## Directions for this task
Copy each line below as written, but skip the pictures.

## Exercise inputs
# # #
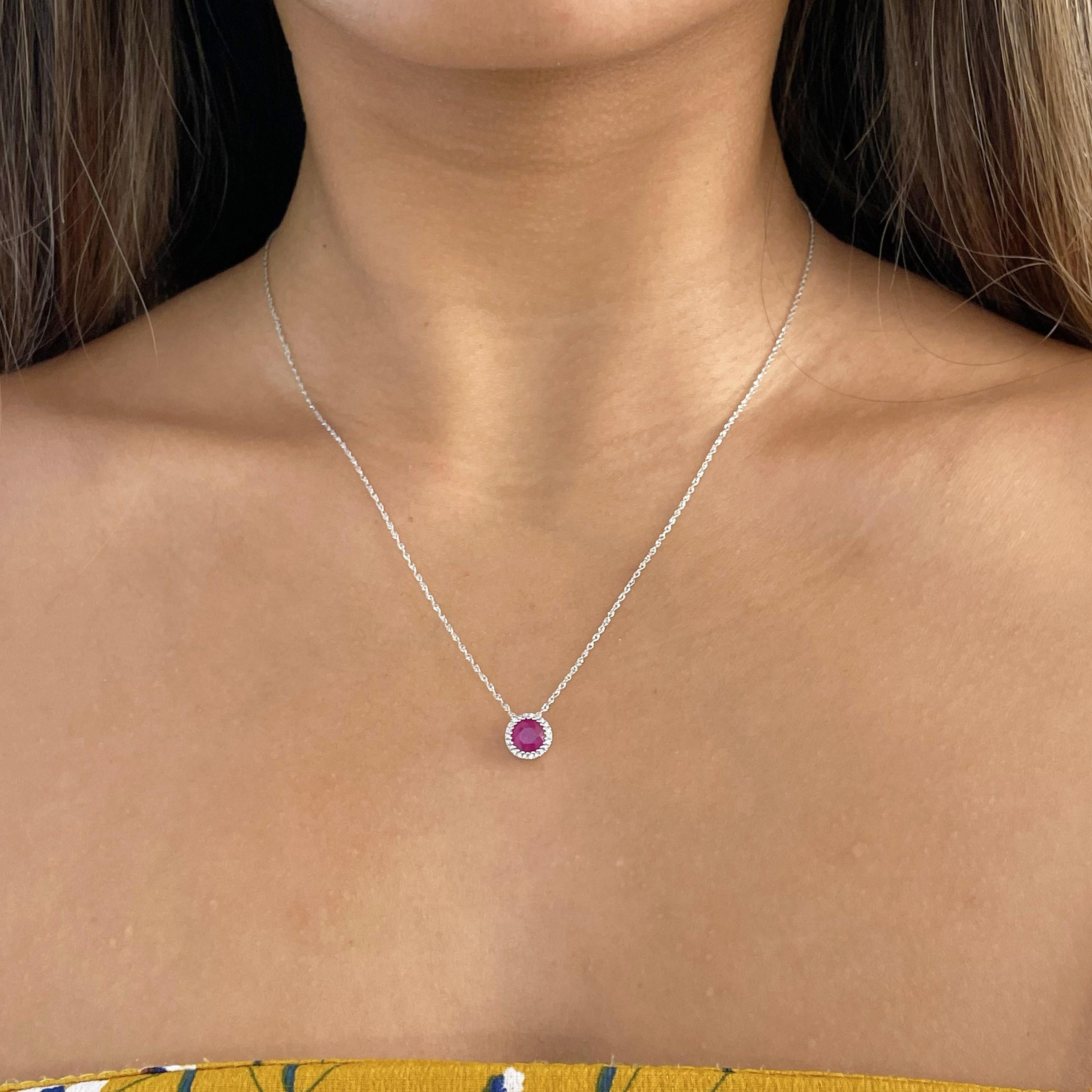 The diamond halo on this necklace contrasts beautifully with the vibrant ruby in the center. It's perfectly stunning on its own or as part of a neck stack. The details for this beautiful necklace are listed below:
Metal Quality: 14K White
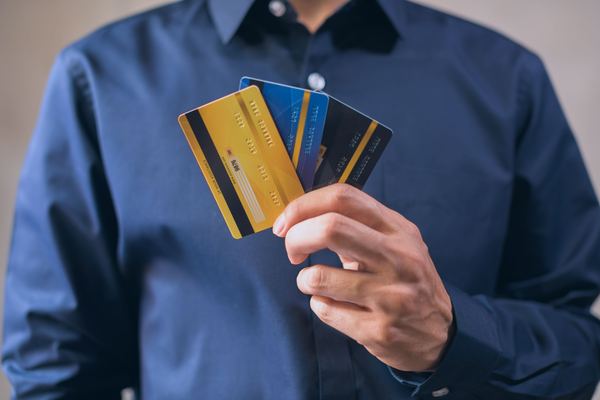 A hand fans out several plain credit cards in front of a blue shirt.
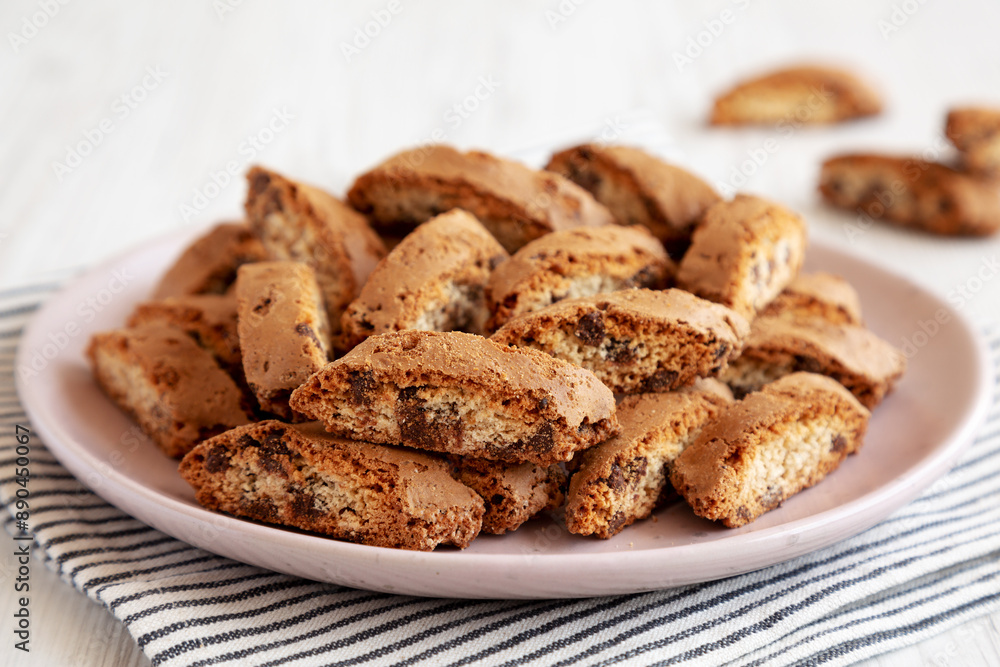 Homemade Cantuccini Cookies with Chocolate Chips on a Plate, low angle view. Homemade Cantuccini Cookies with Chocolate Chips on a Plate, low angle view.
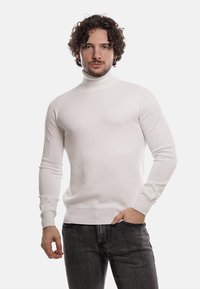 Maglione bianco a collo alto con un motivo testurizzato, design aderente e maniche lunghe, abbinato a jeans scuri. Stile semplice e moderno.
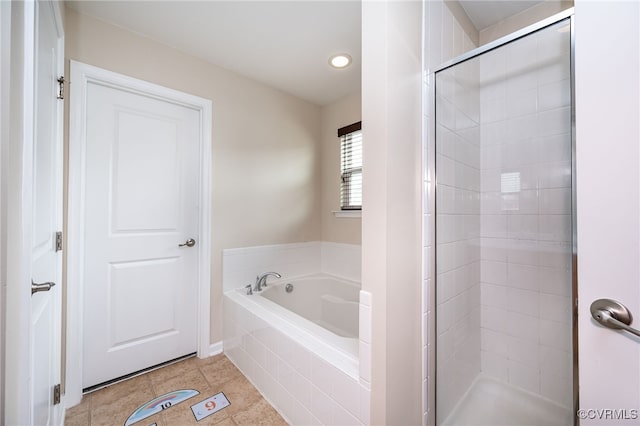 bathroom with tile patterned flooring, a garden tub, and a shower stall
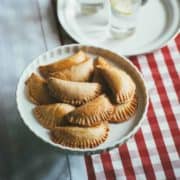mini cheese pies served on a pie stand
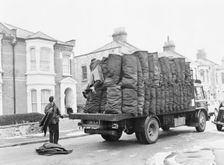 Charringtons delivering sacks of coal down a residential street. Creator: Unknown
# # #
## Exercise response
 The diamond halo on this necklace contrasts beautifully with the vibrant ruby in the center. It's perfectly stunning on its own or as part of a neck stack. The details for this beautiful necklace are listed below:
Metal Quality: 14K White
 A hand fans out several plain credit cards in front of a blue shirt.
 Homemade Cantuccini Cookies with Chocolate Chips on a Plate, low angle view. Homemade Cantuccini Cookies with Chocolate Chips on a Plate, low angle view.
 Maglione bianco a collo alto con un motivo testurizzato, design aderente e maniche lunghe, abbinato a jeans scuri. Stile semplice e moderno.
 bathroom with tile patterned flooring, a garden tub, and a shower stall
mini cheese pies served on a pie stand
 Charringtons delivering sacks of coal down a residential street. Creator: Unknown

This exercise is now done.